» **Work order**
Starting at the line that contains "Hot Girl Masturbating", return each line exactly as written until the listing below ends, and return no other line.

» **Exercise data**
####

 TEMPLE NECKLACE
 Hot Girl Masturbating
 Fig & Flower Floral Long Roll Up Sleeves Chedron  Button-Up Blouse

####

» **Answer to the exercise**
 Hot Girl Masturbating
 Fig & Flower Floral Long Roll Up Sleeves Chedron  Button-Up Blouse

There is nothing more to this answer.